かすてらすねお。

見聞録的ななにか。

「戦場のメリークリスマス」を観た

現代でこそ殴ったり蹴ったりするだけでも非常識なことだけど、戦メリの人々にとって身体は傷つけても減らないものだからこそカジュアルに暴行を加えるのだろうね。かれらにとって身体はいくら傷つけてもどうせ治癒するものという前提が共有されているように見える。

あるいは、身体的な苦しみを経験させることがある種の贖罪のためのコスト、対価とみなすこともできるだろう。切腹はその究極形と捉えられる。

一方で、かれらの内面はガラスのように脆い。

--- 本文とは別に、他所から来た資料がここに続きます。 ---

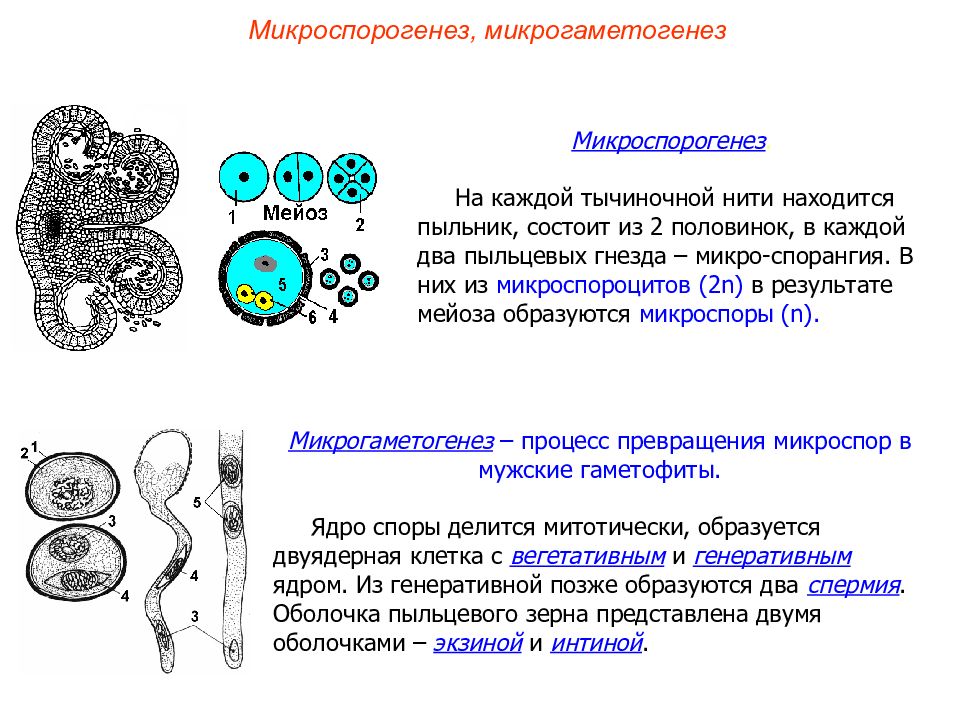 Клетки тетрады микроспор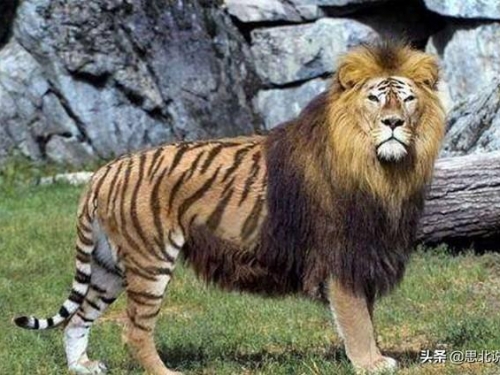 獅虎獸vs虎獅獸哪個更厲害？令人驚嘆的雜交動物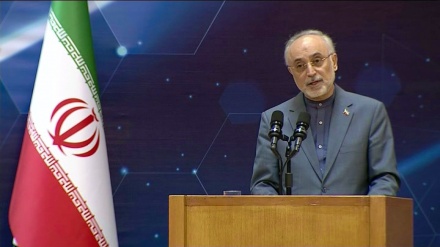 イラン原子力庁、「アメリカの行動は、イランの核産業の目的達成を妨害できなかった」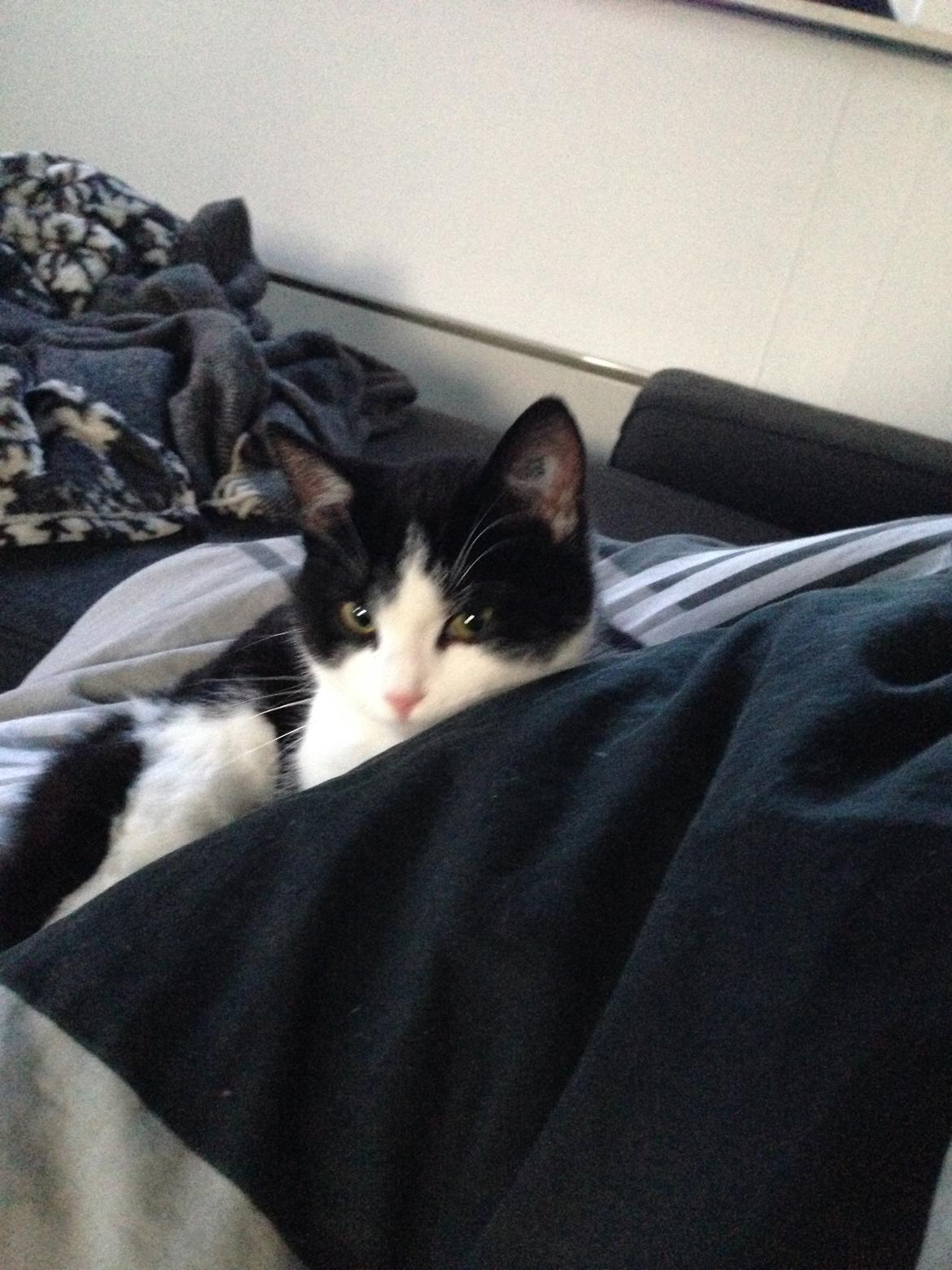 Huskat balou billede 18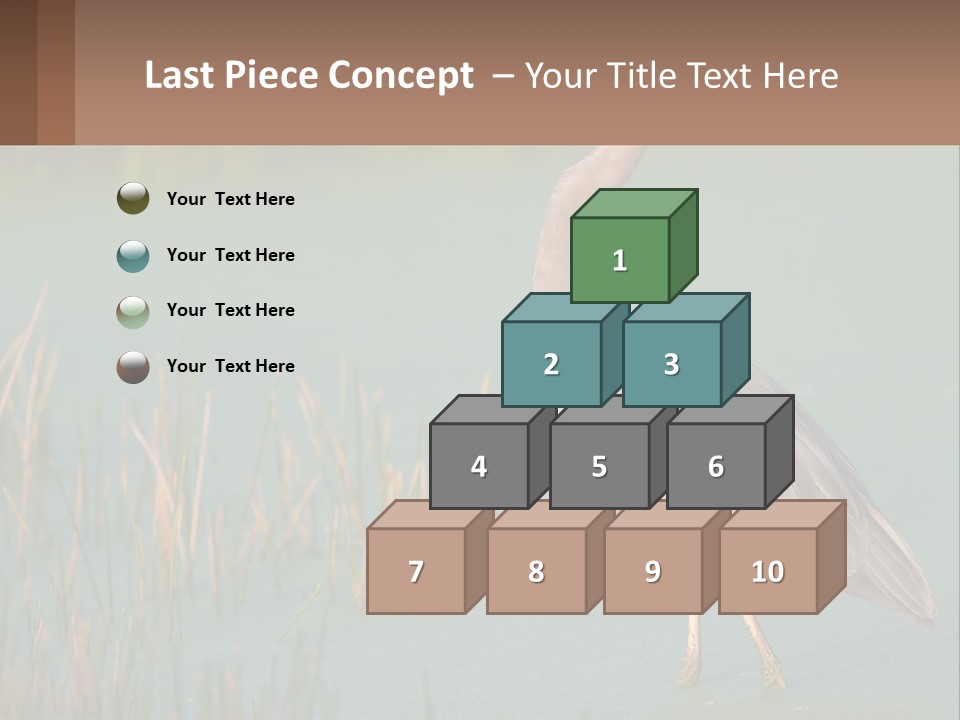 Wildlife Wetland Nature PowerPoint Template
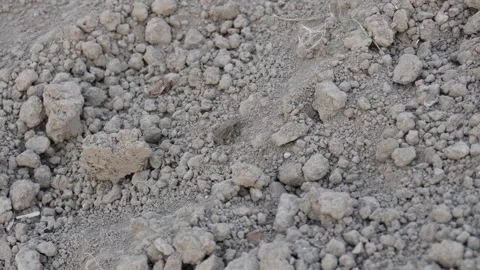 A young frog is hopping Stock Footage 304064529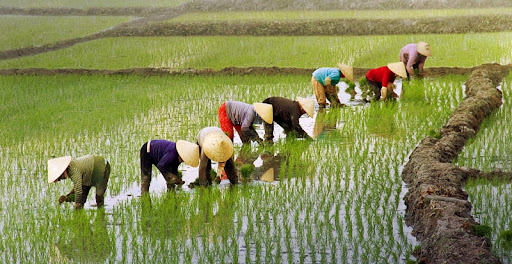 Nông dân thường xuyên tiếp xúc nguồn nước ngọt tự nhiên như ao hồ, mương rạch,... là đối tượng có nguy cơ cao bị nhiễm sán máng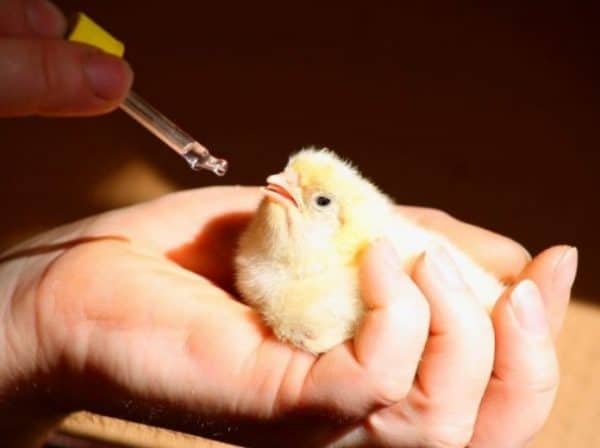 Витамины для молодых цыплят в первые дни жизни играют очень важную роль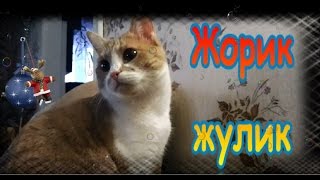 Кот. Жорик - жулик.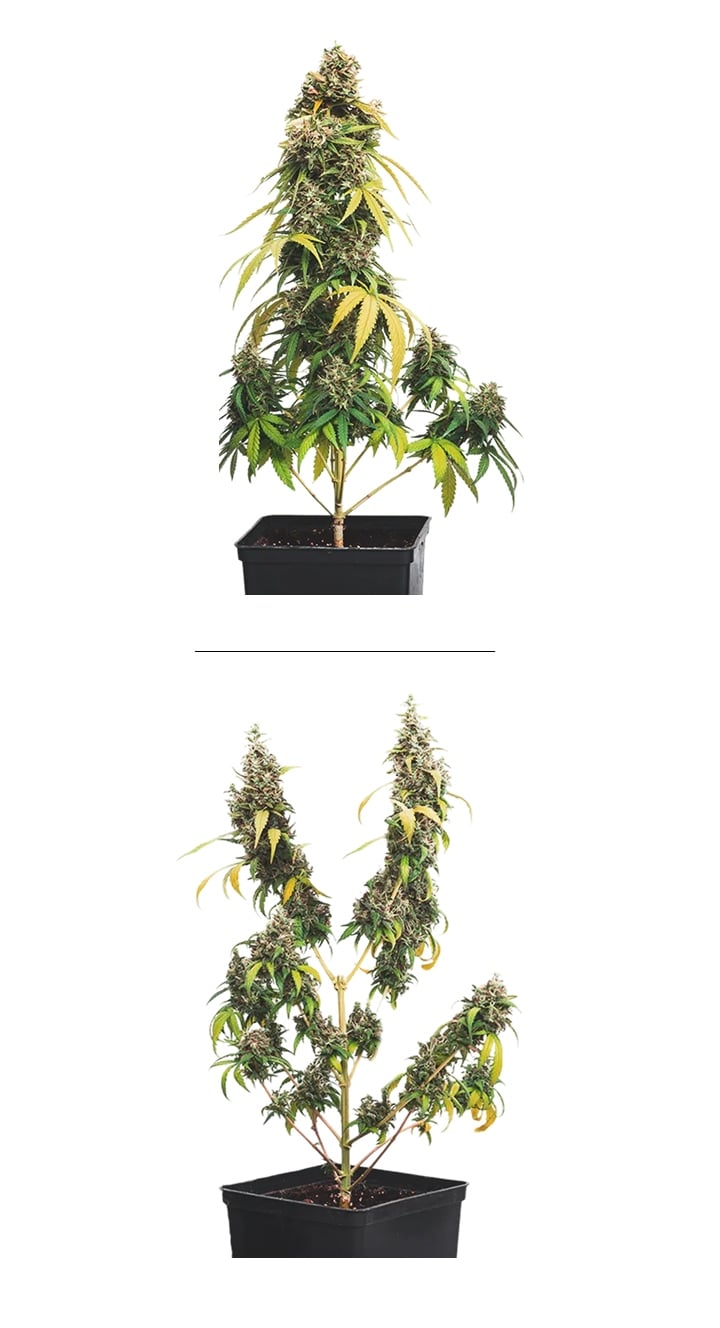 Cannabis-Topping Beispiel (getoppt vs ungetoppt) Beispiel nebeneinander für Cannabis-Topping: ungetoppte Pflanze mit einer Hauptcola vs getoppte Pflanze mit mehreren Colas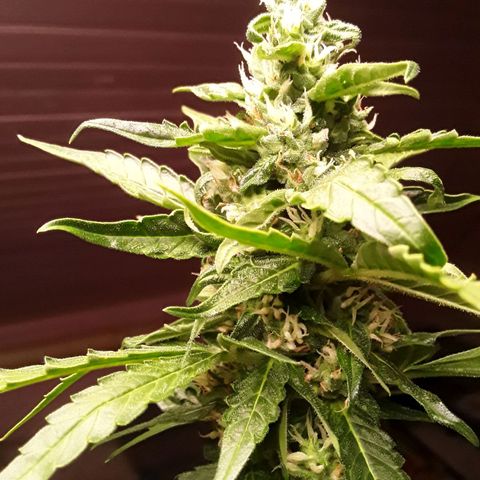 Gorilla Glue Auto  growlog timeline photo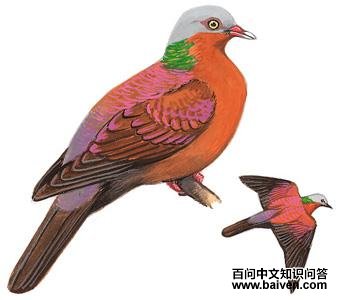 ���ָ��ͼ��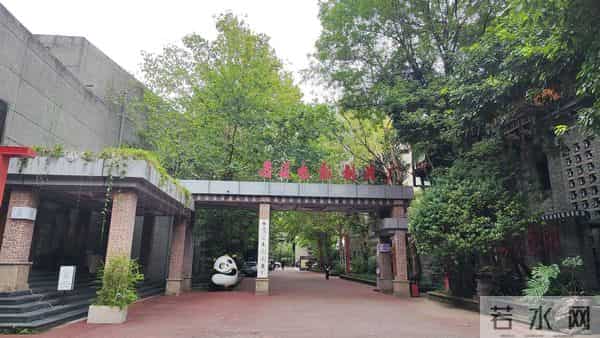 成都青羊：全年多部“爆款”影视佳作获奖！探寻“青羊出品”的流量密码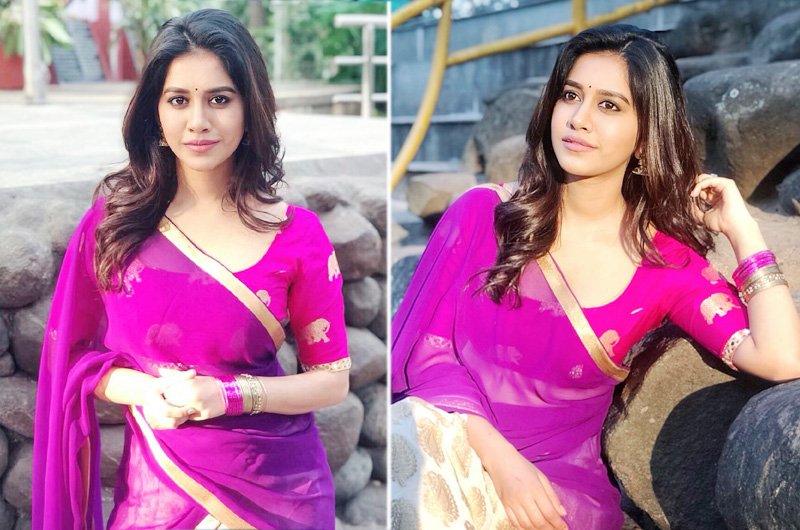 Nabha Natesh Photos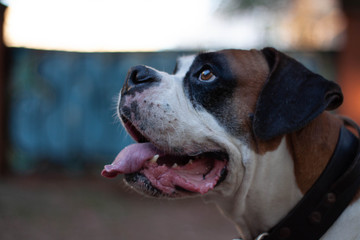 milo in the street 3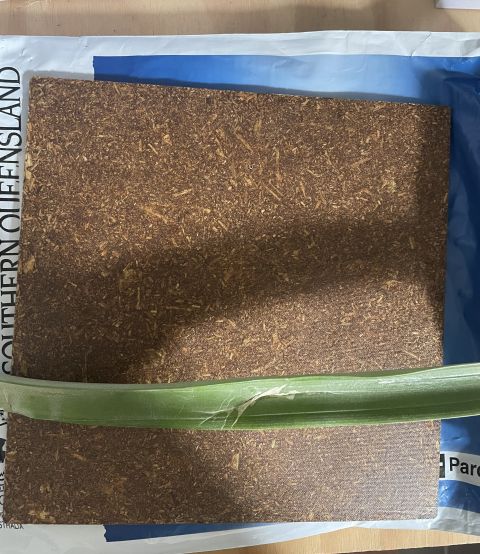 Early LeafCore composite panel prototype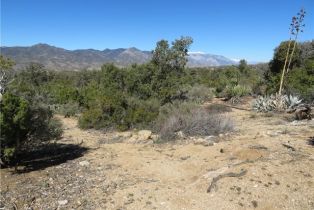 , 155 Lot #155 Buckthorn, Mountain Center, CA 92561 - 10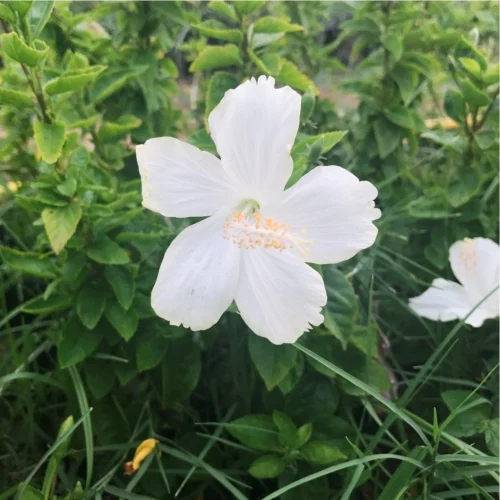 Hibiscus Lafrance Dainty White Plant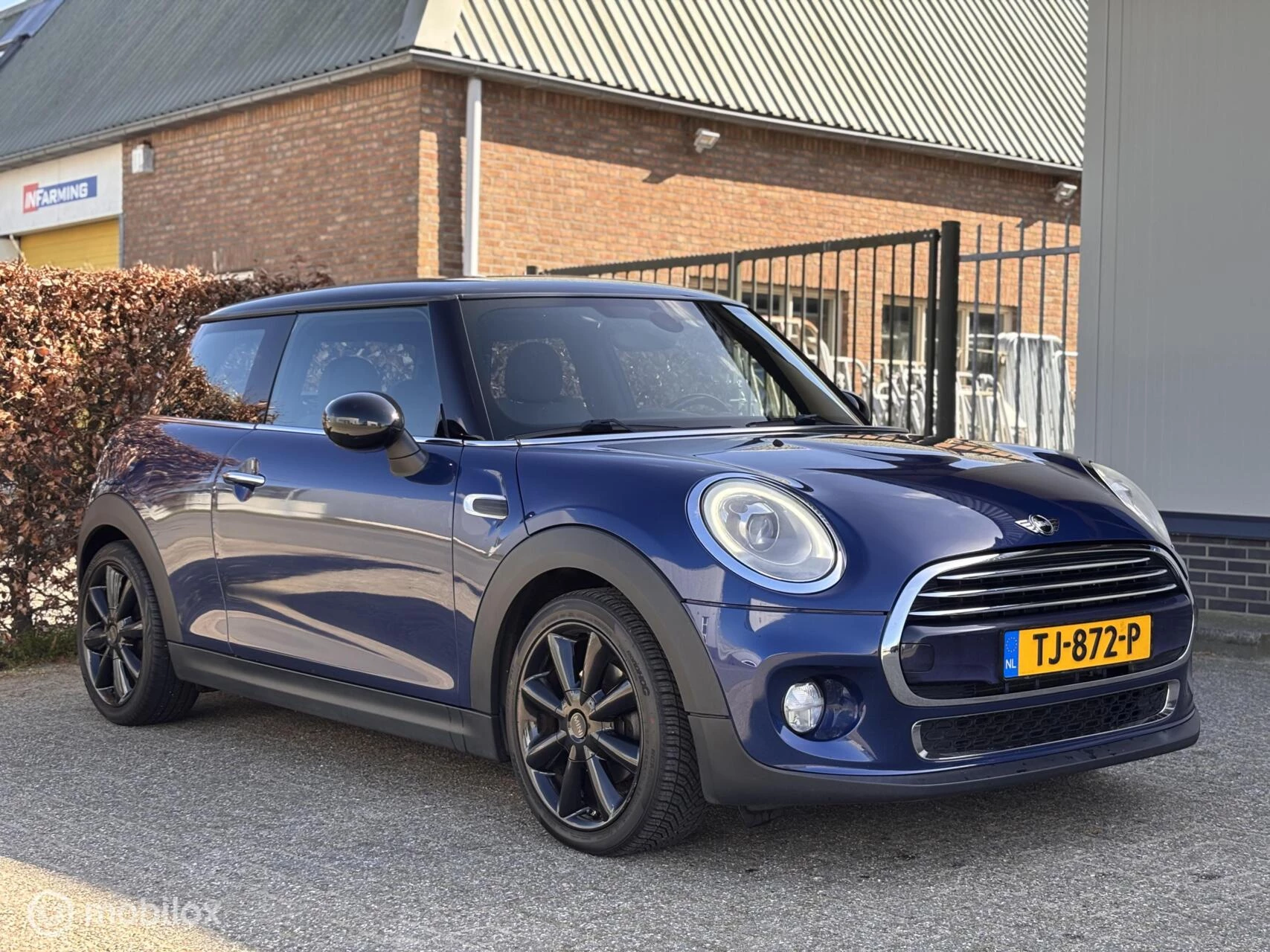 Hoofdafbeelding MINI Cooper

なので、舐めるような口を効いた人物は内面に気安く触れた者として暴行が加えられる。当時の日本人男性のセクシュアリティ的タブーに触れるのも同様。英国式のキスがどうしたと思われるかもしれないが、日本人にとっては内面の問題なのだろう。

注意が必要なのは、それがヨノイ大尉の本人の気持ちとあくまで別の問題ということである。彼が失神したのは大尉としての自分、日本人男性アイデンティティを持った自分が毀損されたこと、そしてそれ以上に、それらの自分とセリアズに特別な感情を持った自分との整理が追いつかなくなってしまったことが理由として挙げられるだろう。

坂本龍一はいつ出てくるんだろうと思ったら最後までヨノイ大尉が坂本龍一だと分からなかった。あんな凛々しかったらそら人気出るわな。